Stipo has visited Louisville frequently over the last few years, in support of the Italian Cultural Institute of Louisville, for which she planned a fund-raising dinner several years ago, and has subsequently offered cooking classes at the annual ICI fund-raising auctions. As a result, she fell in love with Louisville, and when she decided to return to the States, she looked in Louisville for a way to continue her food-related career.

“I bought a house in Crescent Hill, and found a great little place on Frankfort where I could offer my vision for a different sort of dining experience,” Stipo said in a phone interview. “Guests sit around a communal dining table, amid a collection of Italian antiques, and I cook them dinner.” She can seat private dinner parties, or have several small groups who can eat together, talk and get to know one another.

Stipo will offer seasonal Italian cooking classes by reservation. “Every class will have a session on making pasta,” she said, “as well as other seasonal dishes. My experience is in Italian regional cooking, and the Italians always eat what is in season.” Right now  her emphasis is on all the things Italians do with summer squashes and tomatoes. “In the winter I anticipate doing more with heartier, heavier dinners, with wild game, duck, perhaps a medieval-themed dinner.”

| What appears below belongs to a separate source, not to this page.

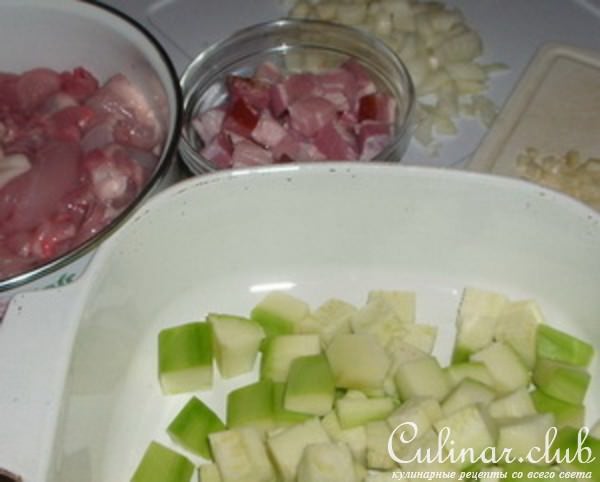Итальянский пирог с курицей и кабачком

Stipo’s goal is to educate Louisvillians on the way food is prepared and eaten in Italy. One interesting point that Stipo has noticed in many American restaurants serving Italian food is that American chefs tend to put too many ingredients together in one dish. “In Italy, cooking is usually simpler, taking the best fresh ingredients and doing as little as is necessary to make them taste wonderful.”

Sunday, Aug. 23 Stipo will demonstrate her approach to cooking with seasonal vegetables Italian style at the Rainbow Blossom farmers market, where she will demonstrate how to prepare roasted vegetables with fresh herbs. “I want to give some ideas for different things to do with the excess of summer,” she said.

Initially, Stipo’s chefs table dinners will be offered  by reservation on Thursdays, Fridays and Saturdays. Hands-on cooking classes are offered Tuesdays from 6:30 p.m. to 9:30 p.m. reservations can be made through her website. Her retail space featuring linens and cookbooks and her favorite foods and specialty  ingredients such as sea salts, Italian cookies, tomato paste, and dried mushrooms will be open Tuesday through Saturday from noon to 6 p.m.